Xxxlx sudan

However, when he later found that Gaston Maspero placed little value on them and left them open to the elements in a yard behind the museum to deteriorate, he angrily demanded that they all be returned, forcing Maspero to pick the 12 best examples for the museum to keep and return 48 to Petrie, who sent them to London for a special showing at the British Museum.Resuming work, he discovered the village of the Pharaonic tomb-workers.Sir William Matthew Flinders Petrie, FRS, FBA (3 June 1853 – 28 July 1942), commonly known as Flinders Petrie, was an English Egyptologist and a pioneer of systematic methodology in archaeology and preservation of artefacts.He held the first chair of Egyptology in the United Kingdom, and excavated many of the most important archaeological sites in Egypt in conjunction with his wife, Hilda Petrie.He continued to excavate in Egypt after taking up the professorship, training many of the best archaeologists of the day.In 1913 Petrie sold his large collection of Egyptian antiquities to University College, London, where it is now housed in the Petrie Museum of Egyptian Archaeology.Petrie was born on 3 June 1853 in Maryon Road, Charlton, Kent, England, the son of William Petrie (1821–1908) and Anne (née Flinders) (1812–1892).

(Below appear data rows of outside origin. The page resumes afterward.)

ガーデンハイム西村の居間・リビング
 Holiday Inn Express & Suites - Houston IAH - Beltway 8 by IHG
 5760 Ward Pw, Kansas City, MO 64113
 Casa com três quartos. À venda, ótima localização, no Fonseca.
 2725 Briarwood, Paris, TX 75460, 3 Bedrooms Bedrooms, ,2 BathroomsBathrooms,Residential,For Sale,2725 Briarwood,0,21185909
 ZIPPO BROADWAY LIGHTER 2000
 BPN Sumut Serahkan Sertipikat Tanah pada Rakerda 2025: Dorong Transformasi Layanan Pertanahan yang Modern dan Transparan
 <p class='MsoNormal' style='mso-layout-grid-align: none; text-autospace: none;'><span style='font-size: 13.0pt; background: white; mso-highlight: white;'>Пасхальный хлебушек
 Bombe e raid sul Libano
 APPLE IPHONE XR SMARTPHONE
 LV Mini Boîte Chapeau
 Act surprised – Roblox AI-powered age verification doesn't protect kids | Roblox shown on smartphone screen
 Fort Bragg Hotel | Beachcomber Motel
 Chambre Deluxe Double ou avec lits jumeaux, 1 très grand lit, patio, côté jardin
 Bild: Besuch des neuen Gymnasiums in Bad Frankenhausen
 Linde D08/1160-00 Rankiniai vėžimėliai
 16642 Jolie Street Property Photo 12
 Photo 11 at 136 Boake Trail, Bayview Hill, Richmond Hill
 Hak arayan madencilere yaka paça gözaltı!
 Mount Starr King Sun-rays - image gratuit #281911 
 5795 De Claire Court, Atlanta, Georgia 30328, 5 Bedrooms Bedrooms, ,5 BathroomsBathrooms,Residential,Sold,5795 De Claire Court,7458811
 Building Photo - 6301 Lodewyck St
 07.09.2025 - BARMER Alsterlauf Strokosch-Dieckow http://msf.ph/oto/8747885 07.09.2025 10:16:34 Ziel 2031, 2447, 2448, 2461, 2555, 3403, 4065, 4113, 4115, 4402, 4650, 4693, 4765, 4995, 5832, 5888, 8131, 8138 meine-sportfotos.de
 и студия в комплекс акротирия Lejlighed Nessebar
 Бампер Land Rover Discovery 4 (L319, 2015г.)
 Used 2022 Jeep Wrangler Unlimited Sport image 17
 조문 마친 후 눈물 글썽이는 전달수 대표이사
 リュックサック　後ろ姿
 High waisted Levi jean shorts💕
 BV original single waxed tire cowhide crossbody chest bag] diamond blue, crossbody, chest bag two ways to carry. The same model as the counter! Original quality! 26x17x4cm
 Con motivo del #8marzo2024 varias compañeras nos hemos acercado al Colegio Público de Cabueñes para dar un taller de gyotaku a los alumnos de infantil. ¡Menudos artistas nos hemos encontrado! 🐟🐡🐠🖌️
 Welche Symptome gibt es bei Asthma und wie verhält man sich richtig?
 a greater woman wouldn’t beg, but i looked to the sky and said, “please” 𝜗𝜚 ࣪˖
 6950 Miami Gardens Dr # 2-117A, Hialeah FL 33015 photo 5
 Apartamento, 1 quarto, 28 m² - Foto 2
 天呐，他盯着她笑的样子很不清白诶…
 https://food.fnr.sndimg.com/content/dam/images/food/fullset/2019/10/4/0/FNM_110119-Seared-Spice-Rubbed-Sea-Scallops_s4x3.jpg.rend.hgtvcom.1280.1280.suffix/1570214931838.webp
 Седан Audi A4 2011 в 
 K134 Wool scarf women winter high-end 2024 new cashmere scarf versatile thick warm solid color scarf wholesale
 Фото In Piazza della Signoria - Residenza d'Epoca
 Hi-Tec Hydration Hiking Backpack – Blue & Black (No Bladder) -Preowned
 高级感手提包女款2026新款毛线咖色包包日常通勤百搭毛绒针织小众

His six-week excavation of Tell el-Hesi (which was mistakenly identified as Lachish) that year represents the first scientific excavation of an archaeological site in the Holy Land.He cut out the middle man role of foreman on this and all subsequent excavations, taking complete overall control himself and removing pressure on the workmen from the foreman to discover finds quickly but sloppily.Though he was regarded as an amateur and dilettante by more established Egyptologists, this made him popular with his workers, who found several small but significant finds that would have been lost under the old system.One of his trainees, Howard Carter, went on to discover the tomb of Tutankhamun in 1922.(commencing with the late Romano-British 'British Camp' that lay within yards of his family home in Charlton) in attempts to understand their geometry (at 19 producing the most accurate survey of Stonehenge).